The Government of Canada’s quiet release of “GC Wallet,” a digital credentials app on the Google Play Store, has raised questions about whether the Carney Liberals are preparing to mandate digital IDs.
The app, developed by Employment and Social Development Canada, promises a “secure and convenient way to store and access your official digital credentials, such as temporary visas or digital personnel licenses,” with encrypted, offline QR-code sharing.
"They have also cancelled an industry RFP process," said Justin Trudeau's brother Kyle Kemper on X.

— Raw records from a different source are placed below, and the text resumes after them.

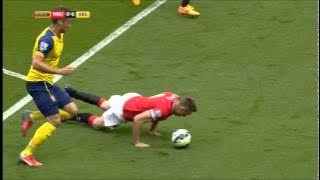 Phil Jones' Amazing (and Funny) Save against Arsenal (2015)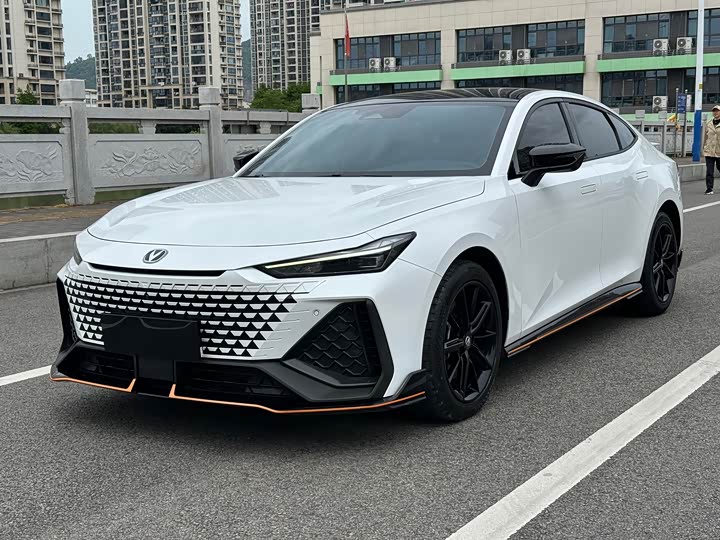 Changan UNI-V 2022 2.0 T — фото 1
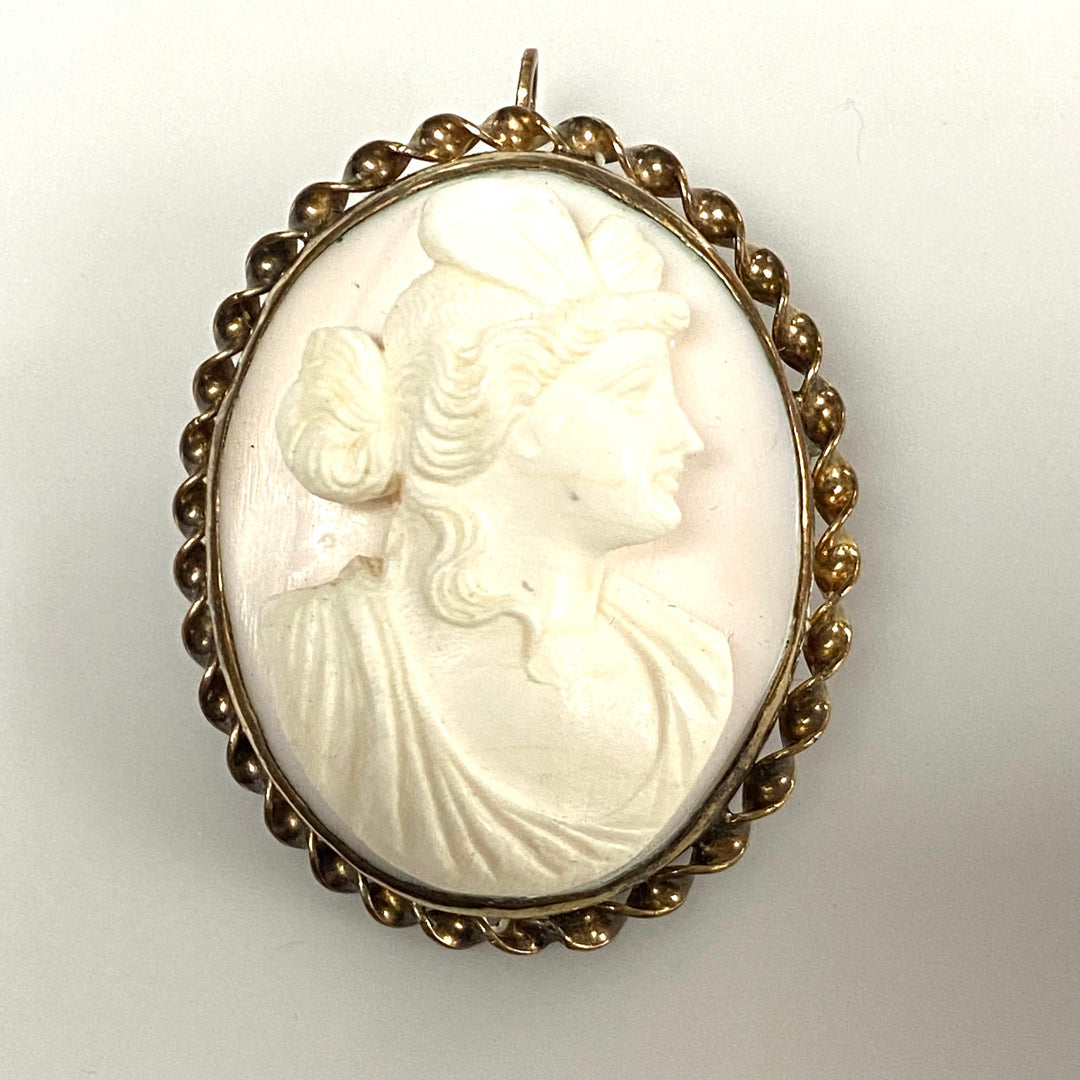 v519 Vintage Cameo Brooch Pin Pendant in 12K Gold Filled Gold Tone Twisted Frame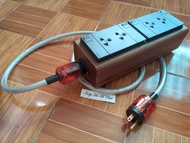 บล็อคไม้สักพ่วง Schneider ชไนเดอร์ 4 ช่องเสียบแบบมีสวิตช์ ปิด-เปิด แยกอิสระพร้อมสายไฟพ่วงสำหรับชุดเค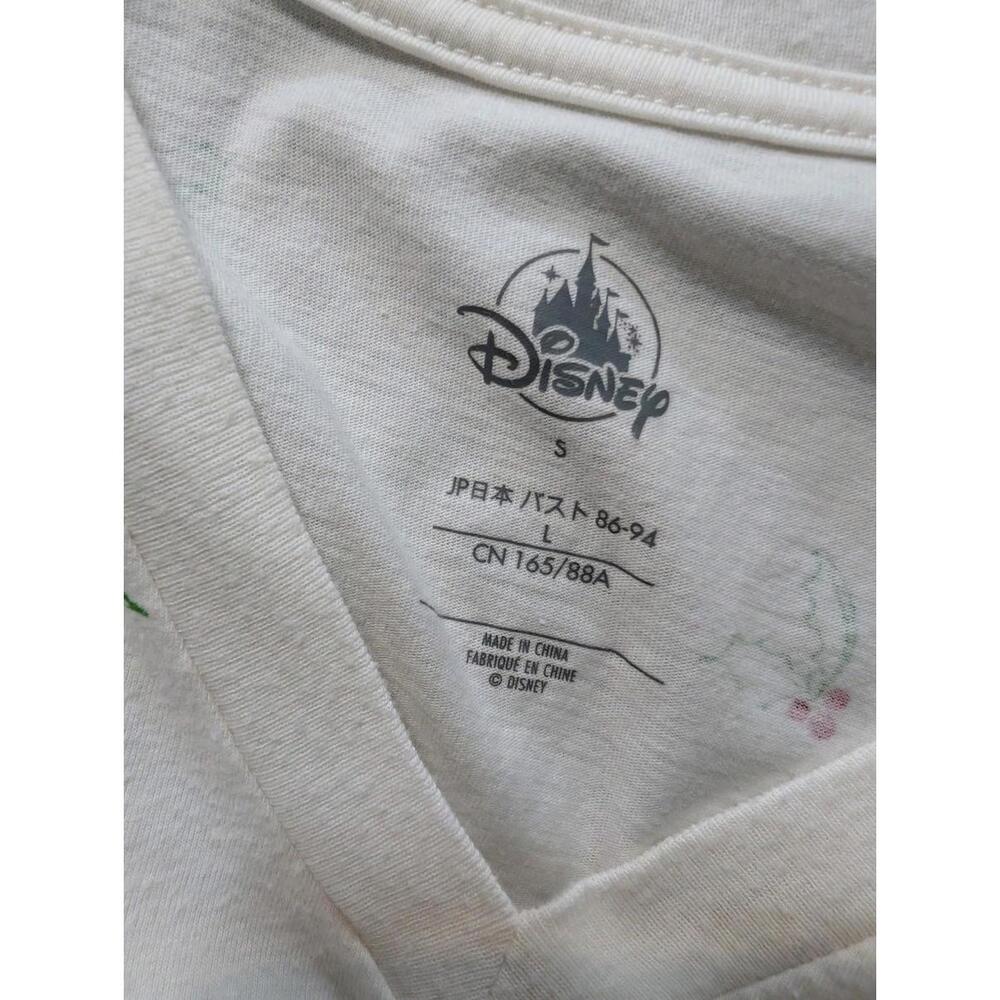 Vintage Winnie The Pooh Christmas Vneck White Tshirt - Size Small - Picture 3 of 3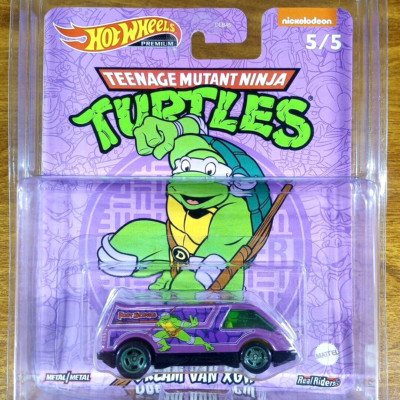 Hot Wheels Premium TMNT Teenage Mutant Ninja Turtles Dream Van XGW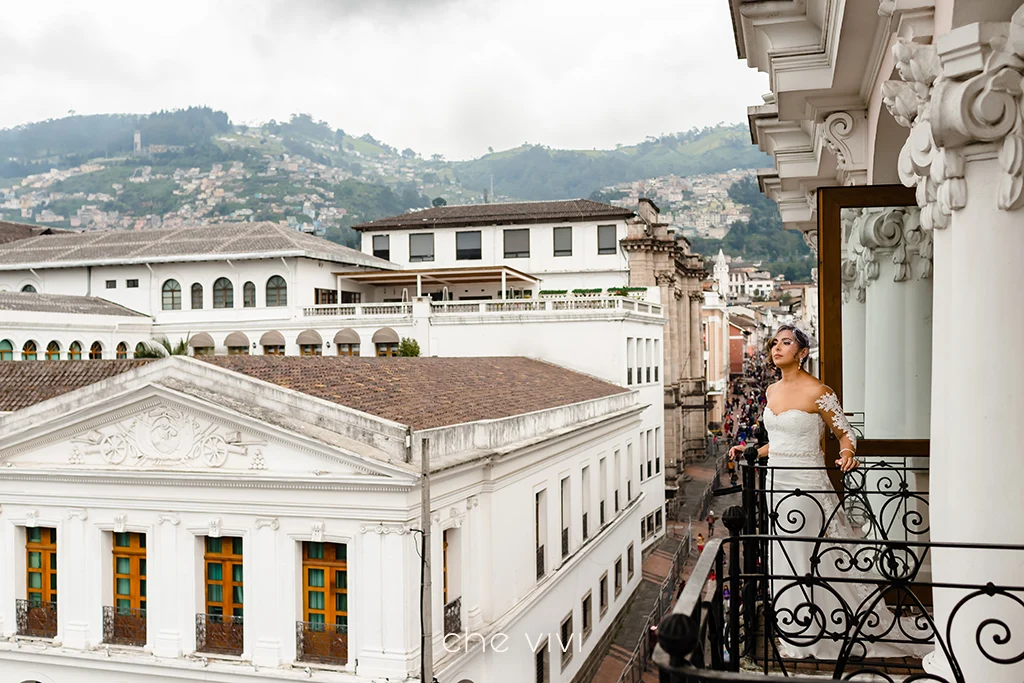 Novia en balcón del Hotel Plaza Grande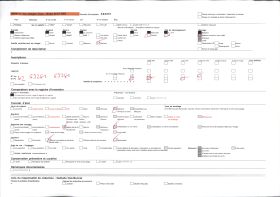 Image représentant Fétiches et case de fétiche (?) sur la place du village
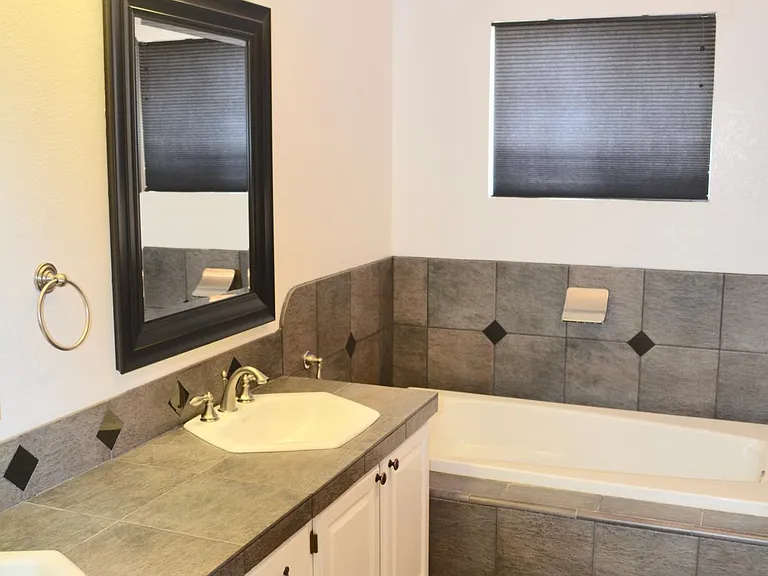 200 Camino Cortina — Photo 29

Officials insist it remains a limited pilot for approved participants only. Critics warn that digital IDs concentrate vast personal data—biometrics, travel history, health status—in centralized or federated databases that become irresistible targets for hackers and state surveillance (Electronic Frontier Foundation 2024; Privacy International 2023).
Many systems quietly “phone home” each time a credential is presented, allowing real-time tracking of citizens’ movements and transactions without meaningful consent or judicial oversight (American Civil Liberties Union 2025; The Guardian 2024).
Weak or nonexistent data-minimization rules permit routine sharing with police and corporations (Center for Democracy & Technology 2024; Reuters Aadhaar leaks 2023–2025), while mandatory adoption excludes people lacking smartphones or stable addresses, widening inequality (World Bank ID4D 2024; Human Rights Watch 2025). Far from neutral tools, these systems risk transforming everyday life into a permanent digital checkpoint.
The GC Wallet launch also renews scrutiny of Ottawa’s troubled history delivering functional apps. The controversial $54-million ArriveCAN application, plagued by glitches, cost overruns and mandatory-use scandals, remains a cautionary example of federal digital-project failures.
No timeline for broader GC Wallet rollout has been provided.